- Flag of Puerto Rico
- IOC code: PUR
- NOC: Puerto Rico Olympic Committee
- Website: www.copur.pr

in Dakar, Senegal October 31, 2026 – November 13, 2026
- Competitors: 16 in 4 sports
- Medals: Gold 0 Silver 0 Bronze 0 Total 0

Summer Youth Olympics appearances
- 2010; 2014; 2018; 2026;

= Puerto Rico at the 2026 Summer Youth Olympics =

Puerto Rico is scheduled to compete at the 2026 Summer Youth Olympics in Dakar, Senegal from October 31 to November 13, 2026. This will mark Puerto Rico's fourth appearance at the Youth Olympics, after making its debut in 2010.

==Competitors==
The following is the list of number of competitors participating at the Games per sport/discipline.

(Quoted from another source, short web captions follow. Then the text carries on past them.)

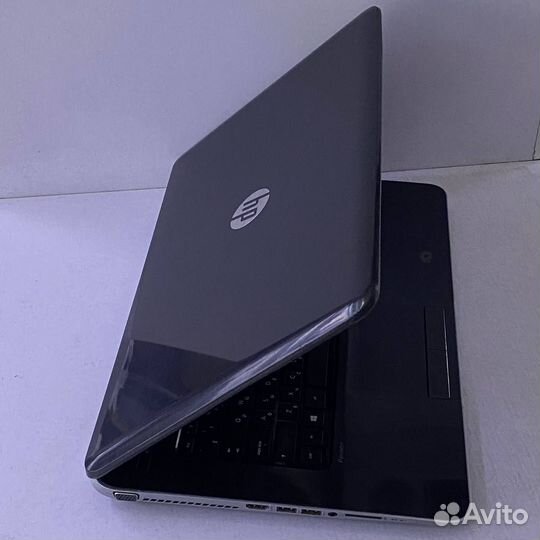Ноутбук HP Pavilion 17-e157sr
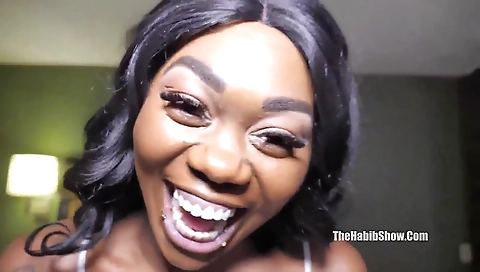 Mature woman fucks like a slut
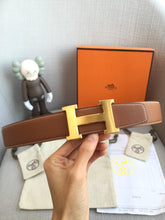 Load image into Gallery viewer, Hermes Leather Belt - LUXURY KLOZETT
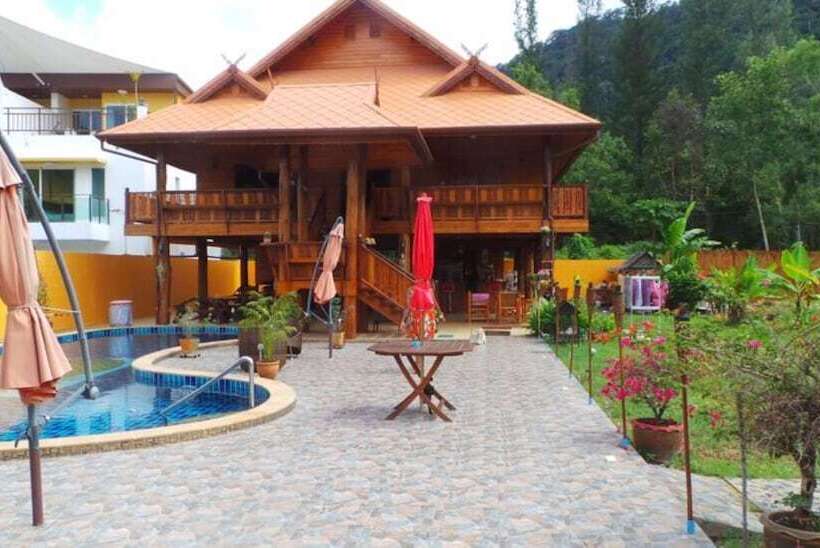 فندق Golden Teak Resort Baan Sapparot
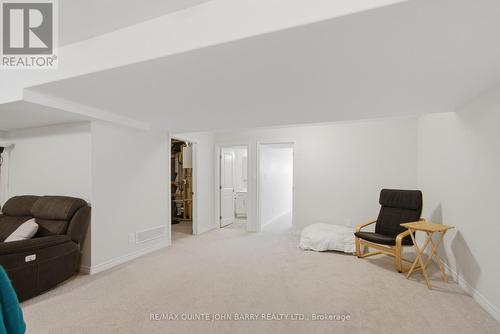 55 Athabaska Drive, Belleville (Thurlow Ward), ON - Indoor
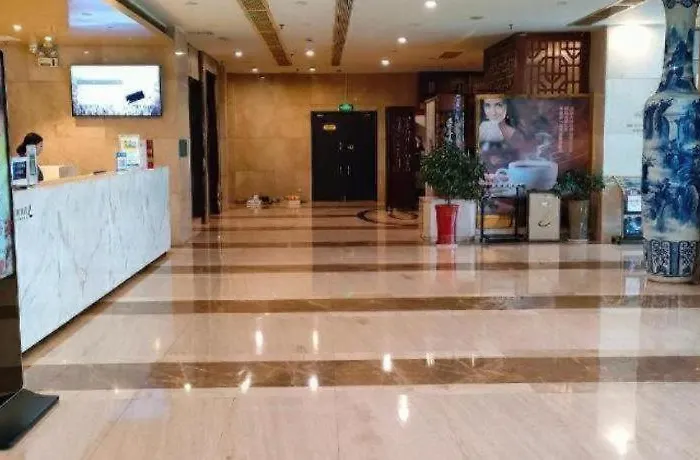Lavande Hotels- Yueyang Linxiang Zhongfa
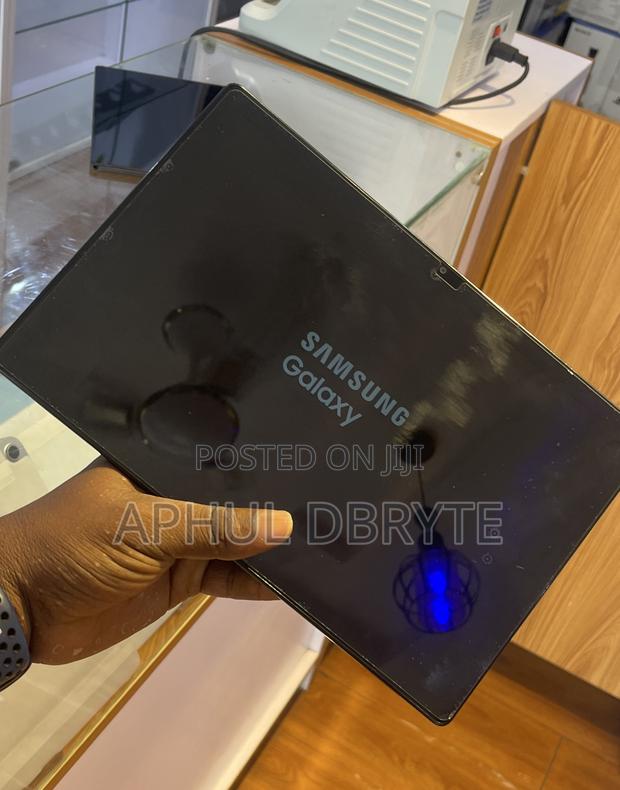Samsung Galaxy Tab A 8.0 (2019) 64 GB Gray · Photo 3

| Sport | Men | Women | Total |
|---|---|---|---|
| 3x3 basketball | 4 | 0 | 4 |
| Beach handball | 10 | 0 | 10 |
| Boxing | 1 | 0 | 1 |
| Triathlon | 1 | 0 | 1 |
| Total | 16 | 0 | 16 |

==3x3 basketball==

Puerto Rico entered a team for the boys' tournament as one of the three participating teams from the Americas.

==Beach handball==

Puerto Rico entered a team for the boys' tournament.

==Boxing==

Puerto Rico entered one male athlete in the -60 kg category.

==Triathlon==

Puerto Rico entered one male athlete.